WHAT YOU SHOULD DO ::
Whenever "white" appears in a line of the entries below, that line counts; give the total only.

MATERIAL FOR THE TASK ::
-=-=-

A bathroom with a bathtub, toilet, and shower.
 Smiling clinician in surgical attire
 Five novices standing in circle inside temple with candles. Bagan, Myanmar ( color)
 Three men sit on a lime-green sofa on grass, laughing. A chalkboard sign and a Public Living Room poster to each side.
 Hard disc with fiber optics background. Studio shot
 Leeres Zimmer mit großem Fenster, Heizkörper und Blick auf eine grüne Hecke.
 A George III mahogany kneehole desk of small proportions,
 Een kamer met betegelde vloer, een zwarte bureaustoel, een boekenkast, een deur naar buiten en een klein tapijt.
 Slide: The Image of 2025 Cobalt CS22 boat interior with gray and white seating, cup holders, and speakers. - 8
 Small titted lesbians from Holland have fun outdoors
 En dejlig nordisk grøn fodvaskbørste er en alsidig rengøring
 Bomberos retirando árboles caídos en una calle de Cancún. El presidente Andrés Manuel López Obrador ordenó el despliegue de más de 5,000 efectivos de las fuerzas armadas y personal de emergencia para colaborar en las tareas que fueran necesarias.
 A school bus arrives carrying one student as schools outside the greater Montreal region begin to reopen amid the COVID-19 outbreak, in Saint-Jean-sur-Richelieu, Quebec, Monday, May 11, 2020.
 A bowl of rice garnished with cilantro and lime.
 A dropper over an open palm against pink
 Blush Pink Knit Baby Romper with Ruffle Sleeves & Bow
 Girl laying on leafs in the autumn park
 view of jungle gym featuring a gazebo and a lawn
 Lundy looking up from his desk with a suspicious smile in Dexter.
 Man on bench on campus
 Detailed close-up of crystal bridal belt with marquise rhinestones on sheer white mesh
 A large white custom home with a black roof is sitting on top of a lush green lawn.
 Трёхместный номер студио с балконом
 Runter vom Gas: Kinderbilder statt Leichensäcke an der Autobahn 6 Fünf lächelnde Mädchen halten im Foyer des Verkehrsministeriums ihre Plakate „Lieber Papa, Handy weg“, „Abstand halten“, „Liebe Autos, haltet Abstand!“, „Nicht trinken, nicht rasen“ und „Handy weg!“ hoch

-=-=-

RESULT ::
3